To do —
In your copy, leave out the pictures and reproduce the listing below exactly.

Dataset extract —
[Start of Attachment]
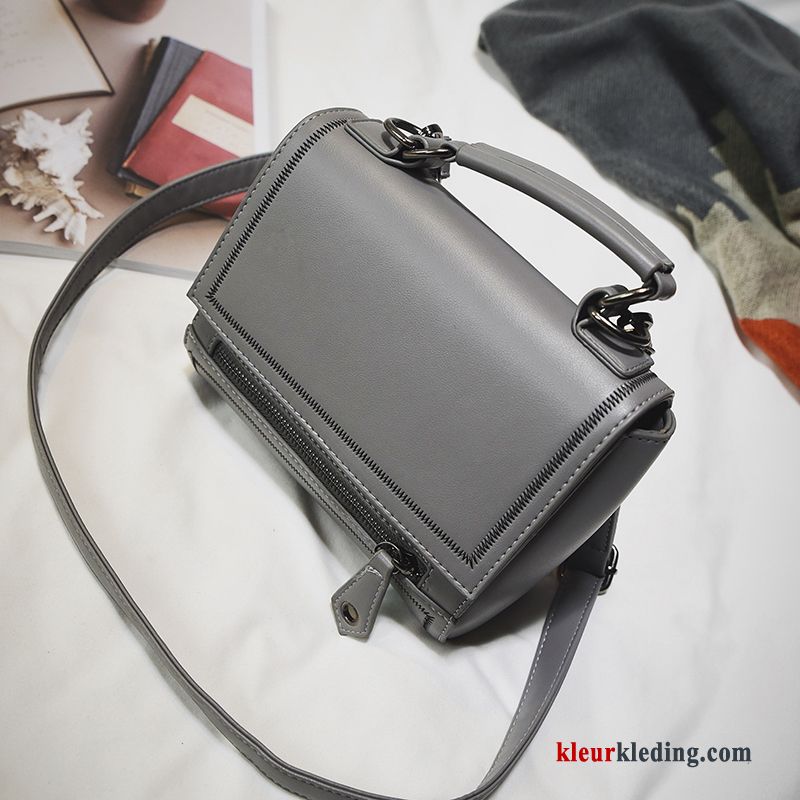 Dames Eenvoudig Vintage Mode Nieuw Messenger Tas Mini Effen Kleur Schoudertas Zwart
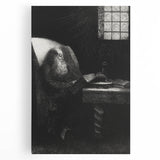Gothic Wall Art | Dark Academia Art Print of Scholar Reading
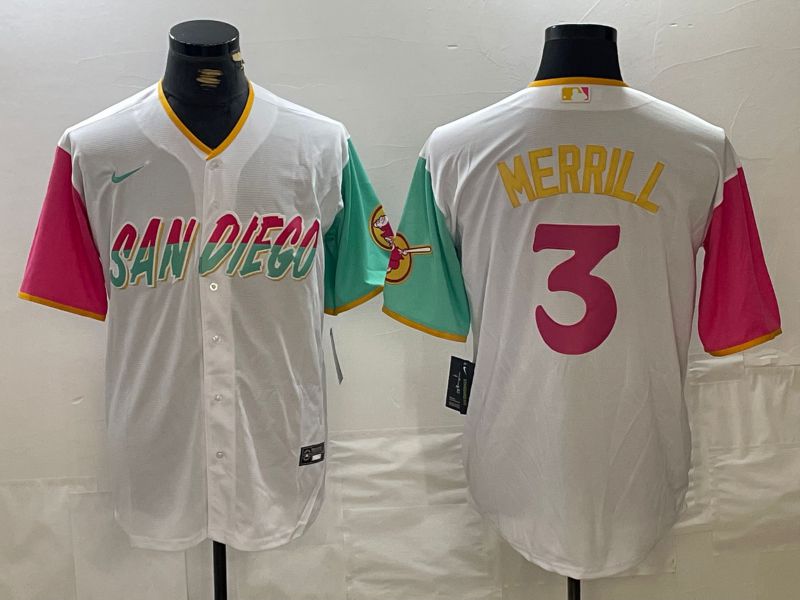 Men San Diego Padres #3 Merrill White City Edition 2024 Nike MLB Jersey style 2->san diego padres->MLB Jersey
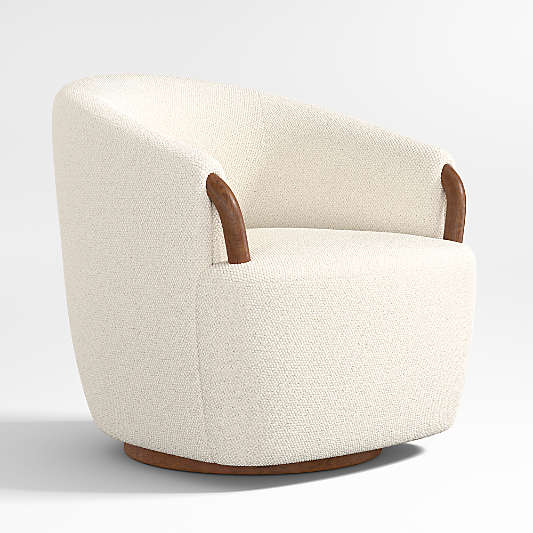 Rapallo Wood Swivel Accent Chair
[End of Attachment]
The completed task —
 Dames Eenvoudig Vintage Mode Nieuw Messenger Tas Mini Effen Kleur Schoudertas Zwart
Gothic Wall Art | Dark Academia Art Print of Scholar Reading
 Men San Diego Padres #3 Merrill White City Edition 2024 Nike MLB Jersey style 2->san diego padres->MLB Jersey
 Rapallo Wood Swivel Accent Chair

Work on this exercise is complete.